院長の独り言 88 ; 疎開先で受けた、浮世の厳しさ
小さい頃から、暇な時に地図を見るのが大好きでした。
小学生低学年で、県の名前と県庁所在地、外国の国の名前と首都、内外の国立公園、長い大河、エベレストなどの高山の場所や高さなどを聞かれればスラスラ答える事が出来、親に褒められるのが嬉しいし、友達には得意になって自慢をしていたのです。
しかし今は、地図の上で覚えた場所は殆どその名前も忘れてしまいました。
記憶とは面白いもので、ただ覚えて暗記した事はある期間は覚えていても、結局は殆ど忘れてしまいますが、身体と一緒に覚えた事は一生忘れないものです。
実際に行った所はどんな小さな町でも覚えているものです。
何でも身体を使って覚える事が本当に大切です。
子供の教育は体験学習が一番でしょう。
我々大人でも全く同じだと思います。
小生のように歳を取れば取る程、記憶力は衰えてしまいます。
最近、本を読むにあたっては特に注意している事は、若い時は早い時間で数多く読みこなす事が出来ますが、私のように70歳を超えた者にとっては、ユックリ、ユックリ時間を掛けて、そして、特に興味を持った箇所は、何度も読み返すようにしています。
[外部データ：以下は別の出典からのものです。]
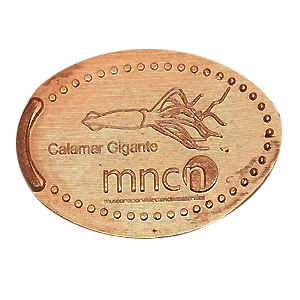Calamar – Geplette munt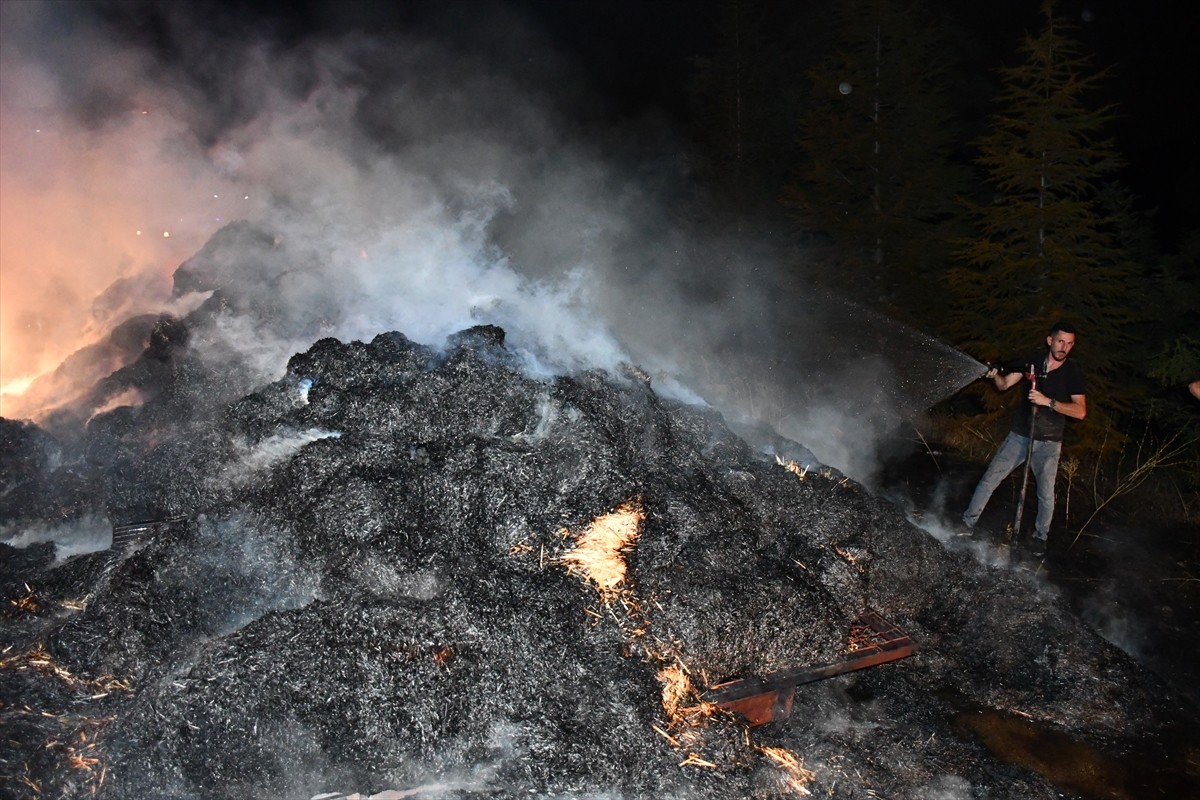 Bilecik'in Söğüt ilçesinde, seyir halindeki traktöre bağlı saman yüklü römorkta çıkan yangın...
特に今、一番記憶に残っている事は、グアムから生還した横井庄一さんではないけれど、恥ずかしながら戦争当時、全くという程、食べ物を口にする事が出来なかった時期です。
この強烈な記憶は忘れようにも忘れられません。
振り返って考えてみると、ほとんど食べられなかったのは、ほんの3~4か月だったのですが、いつ思い出しても、もっともっと長く感じていて、最低でも一年以上続いていたように思います。
『食べ物の恨み』は、本当に恐ろしいですね…。
空襲の為に疎開していた場所は、遠い親戚に当たる母方の祖母筋でしたが、今思い出してもその時の仕打ちにムラムラ腹が立ってくる事があるのです。
私と一緒に疎開していた祖母と私が寝た後に、その家族は、我々に気づかれない様に静かにして自分達だけ食べていたのです。
我々二人には食べ物が『無い!無い!』と言って、ほんの少ししか分けて呉れませんでした。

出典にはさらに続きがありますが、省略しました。